**TASK TO COMPLETE**
Starting with the line that includes "Sfera Ebbasta LiveTorino", write out every remaining line of the records below exactly as it appears, leaving out any images.

**EXTRACTED MATERIAL**
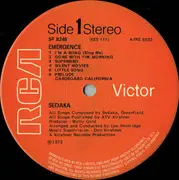 LP - Neil Sedaka - Emergence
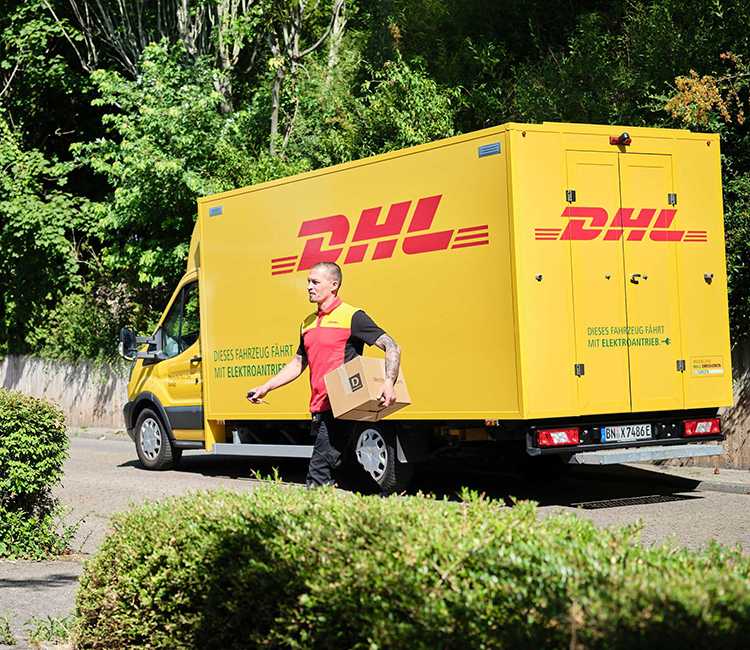 DHL vereinfacht Zahlung von Nachnahme- und Zollentgelten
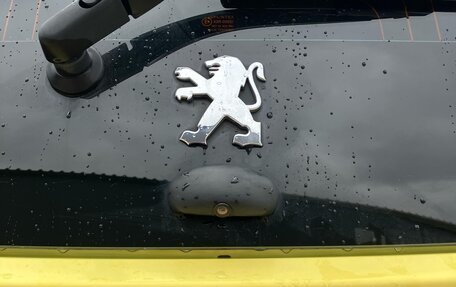 Peugeot 107 I рестайлинг, 2011 год, 450 000 рублей, 13 фотография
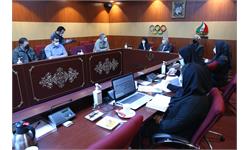 جلسه تاریخ شفاهی ورزش ایران 7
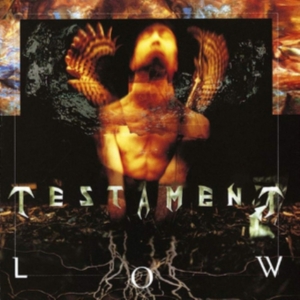 TESTAMENT - LOW in der Gruppe CD / Pop-Rock bei Bengans Skivbutik AB (1843822)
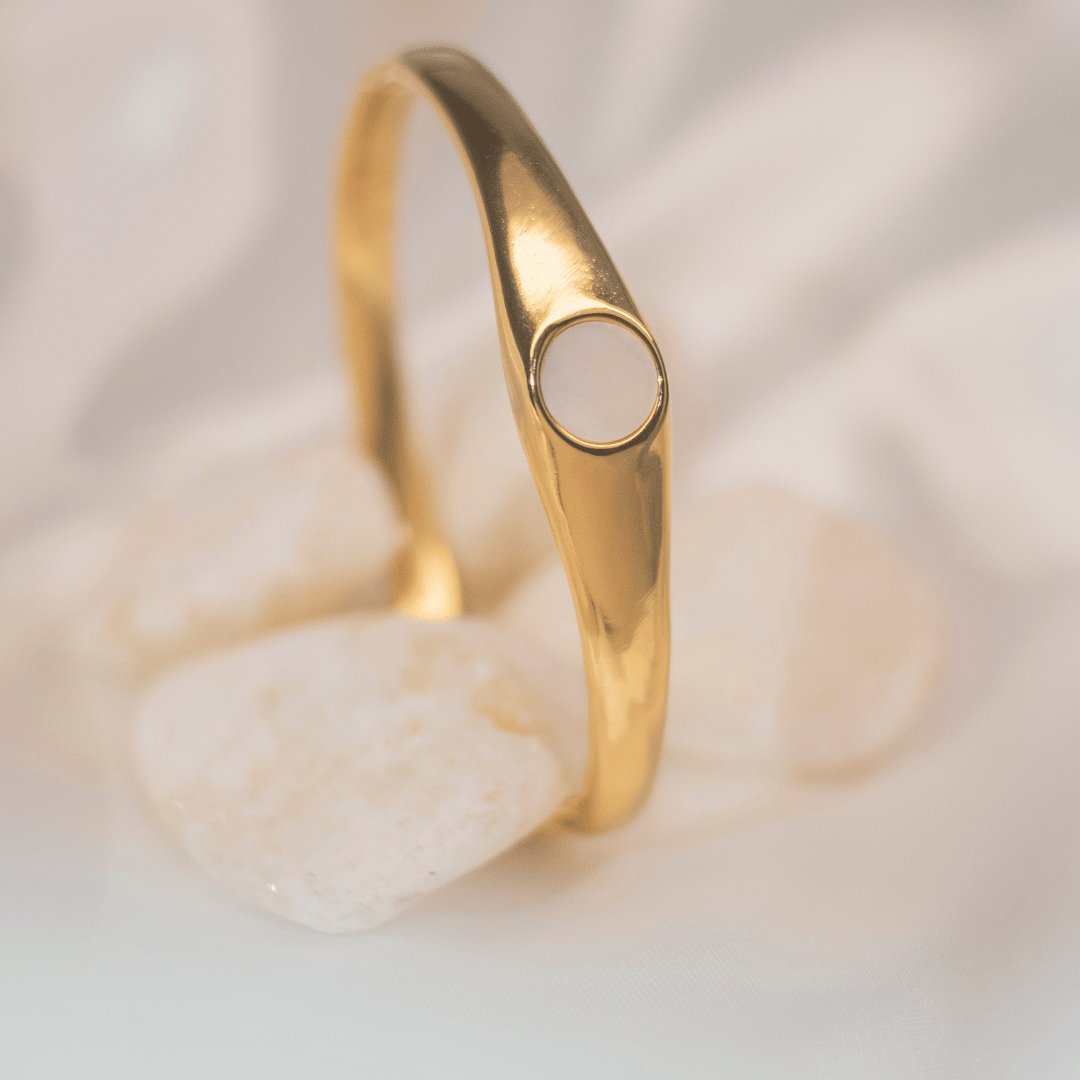 Bracelete Madre Pérola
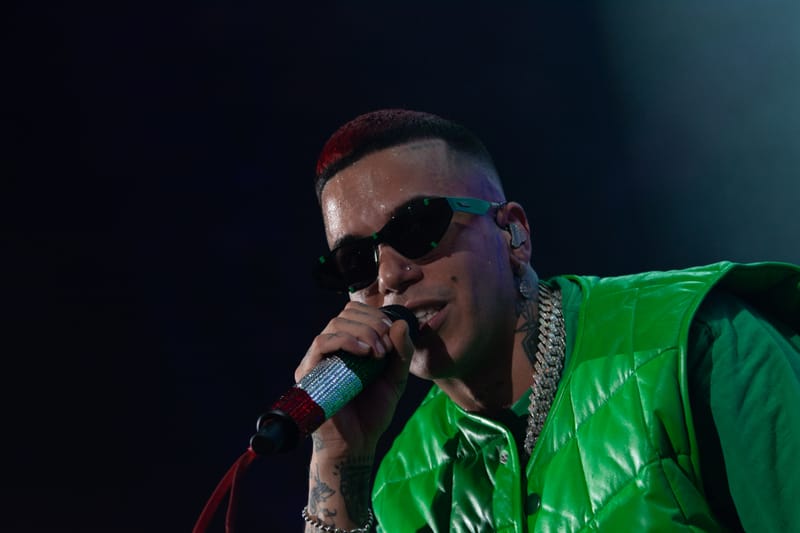 Sfera Ebbasta LiveTorino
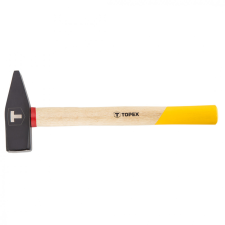 Topex 02A415 Általános Kalapács 1500G, Fa Nyél kalapács
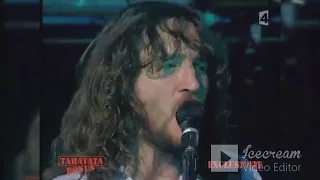 Red Hot Chili Peppers Live Taratata 2006 - (French tv)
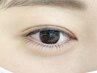 小顔・若見え効果★似合わせ下まつげパーマ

**TASK ANSWER**
 Sfera Ebbasta LiveTorino
 Topex 02A415 Általános Kalapács 1500G, Fa Nyél kalapács
 Red Hot Chili Peppers Live Taratata 2006 - (French tv)
 小顔・若見え効果★似合わせ下まつげパーマ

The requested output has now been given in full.